-- EXERCISE --
Pictures excluded, reproduce exactly the lines below from the one with "CELINE Vintage Beige Macadam Clutch" through the one with "Poster of Ein Mann mit Herz", both included.

-- THE RECORDS --
Start of Block

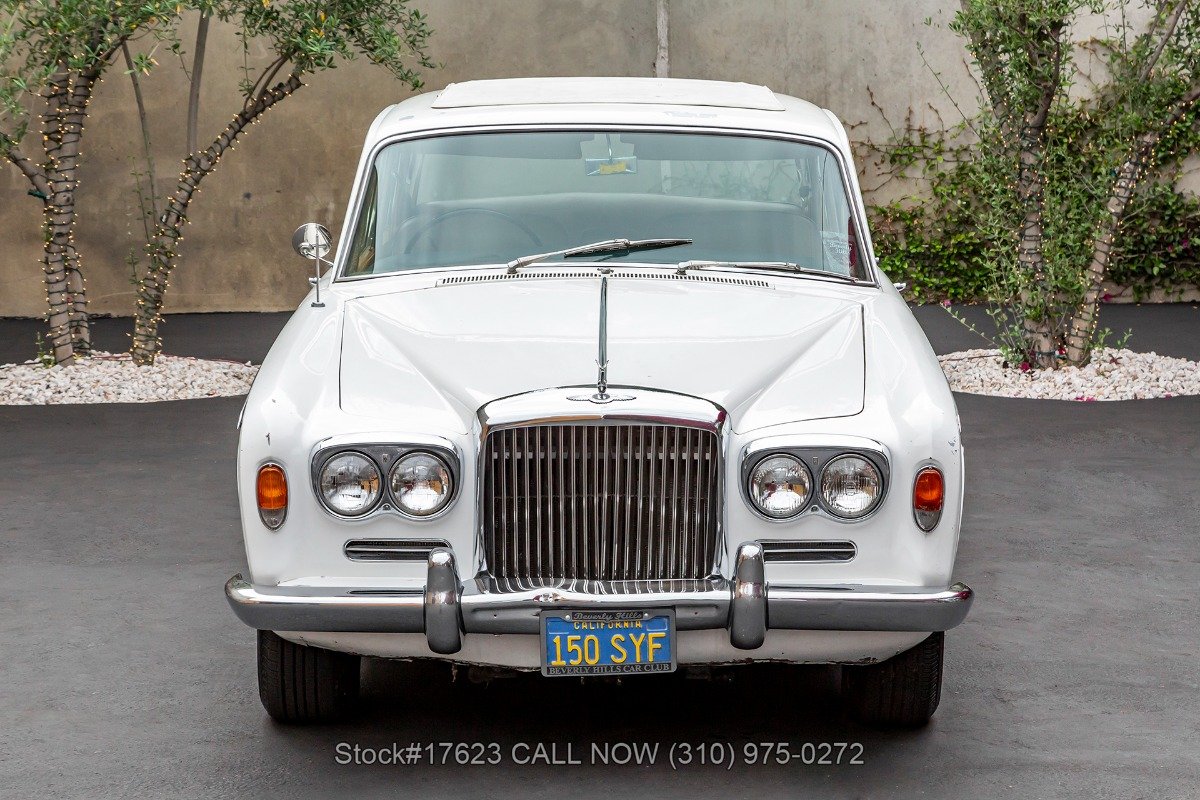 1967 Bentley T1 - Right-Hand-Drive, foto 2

End of Block
Start of Block

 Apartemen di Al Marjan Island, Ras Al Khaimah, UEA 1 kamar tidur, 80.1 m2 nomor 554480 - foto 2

End of Block
Start of Block

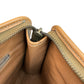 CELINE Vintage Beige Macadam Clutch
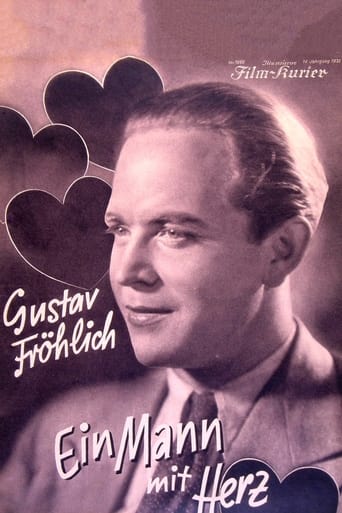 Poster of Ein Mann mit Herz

End of Block

-- SOLUTION TO THIS EXERCISE --
 CELINE Vintage Beige Macadam Clutch
 Poster of Ein Mann mit Herz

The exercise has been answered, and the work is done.